The climate crisis is a national and global issue that can’t be fought entirely by the provinces, a lawyer for the federal government argued Tuesday.

“The context of this case is the greatest existential threat of our time,” said Sharlene Telles-Langdon in her opening arguments in support of Ottawa’s carbon tax.

The law that brought in the tax is being challenged this week by Alberta in the province’s Court of Appeal.

Ontario and Saskatchewan have also gone to their top courts to oppose the tax, but lost. They are appealing to the Supreme Court of Canada.

Ottawa argues its authority for the tax comes from the Constitution’s peace, order and good government clause. Establishing minimum national standards on greenhouse gas emissions “is a matter of national concern that only Parliament can address.”

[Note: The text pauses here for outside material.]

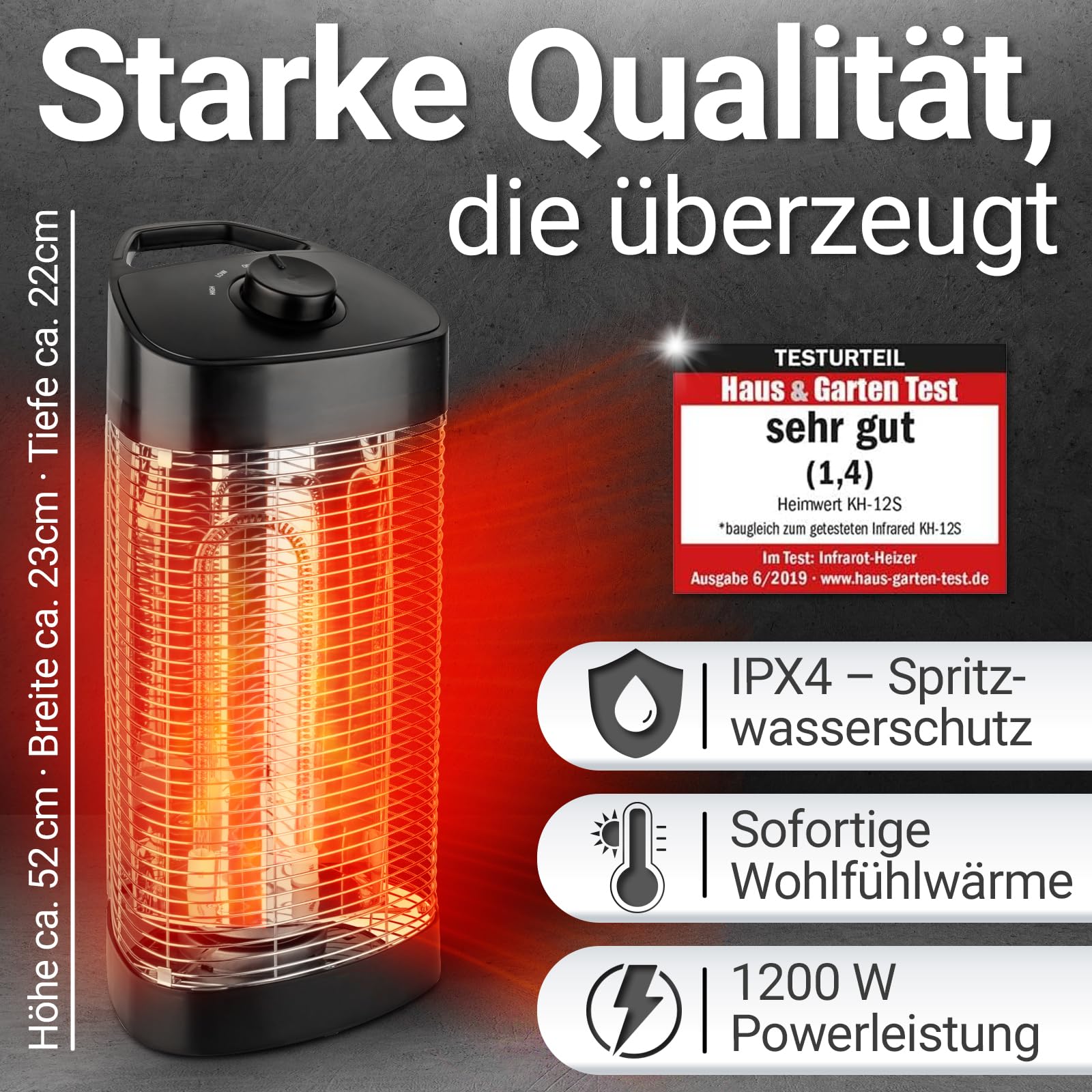 Heimwert Infrarot Stand Heizstrahler – Sofortige Wohlfühlwärme für Terrasse & Innenbereich, mobil & effizient, geräuschlos & allergikerfreundlich - Testurteil Sehr gut (52cm Höhe)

Telles-Langdon argued in court that the circumstances surrounding climate change have developed enough to make it a national concern. Much more is known about it, she said, and the severity of the threat has greatly increased.

“There has been a constitutionally important transformation,” she said. “We’re now in a situation where the dimensions of the problem are international and global.”

The carbon tax flows from the federal government’s right to sign international treaties, she added, and is part of living up to climate change accords such as the Paris Agreement.

She told the five-judge panel that the carbon tax grew out of co-operation between the federal government and the provinces that began in 2016 after a first ministers meeting in Vancouver. The provinces agreed at that time that carbon pricing shouldn’t make businesses in one province less competitive in comparison with others.

Several provinces already had carbon-pricing schemes at that time, she said.

“When this was signed, part of the agreement was that other provinces be brought on board.”

She argued that the tax still gives provinces the flexibility to meet a minimum standard in their own way. She pointed to Alberta’s recently approved levy on industrial emitters.

The federal lawyer faced repeated questions from judges about the scope of the legislation and how it would be implemented. In response to a question on whether Ottawa could simply ignore competitive pressures on Canadian businesses, Telles-Langdon pleaded with the court “to be reasonable about what Parliament does.”

“The federal government has to be very cognizant of the economy of the country as a whole.”

READ MORE: ‘You can call anything a national concern’: Alberta questions federal carbon tax

On Monday, a lawyer for the Alberta government argued that allowing the tax law to stand would give the federal government a tool it could use to repeatedly chip away at provincial powers.

Peter Gall said issues of “national concern” are rare. Greenhouse gases don’t meet the test, he said, and upholding the tax law would open the door to Parliament stepping into provincial matters whenever it wanted.